Thankfully, there are bungalows directly next to the hostel that have their own bathroom, kitchen, and porch. I decided that the extra $3USD a night was well spent and made the switch. Now I had the social benefit of the hostel with all of the privacy and creature comforts I could ask for. Although I had only booked two nights, the next two weeks flew by effortlessly. I rented a little scooter and explored waterfalls, canyons, and hot springs with new friends from the hostel. I shopped for fresh produce, found the local gym, and would sample the street food stands in the night market. The Mae Yen Waterfall trail is a 12 mile hike through the rain forest along a stream to a cascading waterfall.
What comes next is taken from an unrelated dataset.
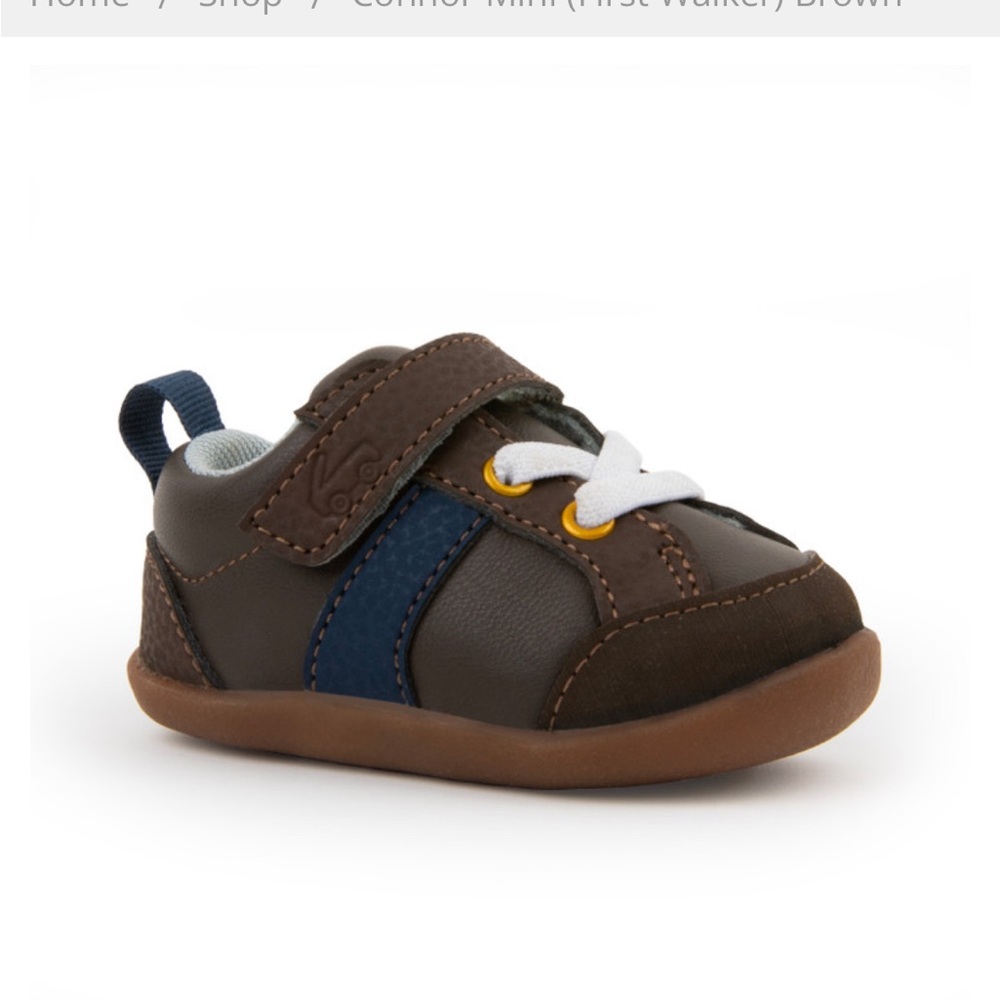 See Kai Run Brown baby boy shoes first walkers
With at least 30+ stream crossings, having reliable trail running shoes and a solid day pack made a huge difference. I did it twice with different groups of people. Spending several hours Tarzaning around the rain forest before being rewarded with a beautiful remote waterfall is worth redoing.
Some days a group of us would go lay by the river, taking occassional dips to cool off. Other days, we would take a scooter tour around the surrounding hills to do a stream walk and visit the friendly waterbuffallo in the surrounding fields. In the evenings everyone would congregate in the common area to have some beers and bullshit. There is usually a cohort that heads to the bars in town as well as a few veterans that host movie nights in their bungalows. On several occassions I’ve hosted a cocktail hour on my bungalow porch with friends. The chill atmosphere, extensive social outlets, and inexpensive cost of living lends Pai its own gravitational pull known in local parlance as the “Pai Hole.” It is totally understandable that some people come here for a week and end up staying for a year.
The difficult aspect of open ended travel is deciding when to post up for a bit and cool your heels and when to move on to the next destination. Traveling from place to place with a sense of purpose can be exhausting and expensive. That type of travel is for the folks on vacation for a few weeks, looking to pack it all in. For those of us trying to keep the adventure going as long as possible, there is no rush and economic sustainability plays a central role in planning. Relaxing in a place for a few weeks helps to recharge the batteries and save money. Unpack your bag entirely, make some friends for longer than a few days, find your favorite restaurants, do laundry, go grocery shopping, hit the same gym, do all of the activities, and settle into a routine. I have done just that for the past few weeks and it has been delightful. However, I can sense a little bit of restlessness building up in me. So, to wrench myself free from Pai’s orbit I am heading up to a forest monastery for a Buddhist retreat for a few days. Enlightenment, here I come!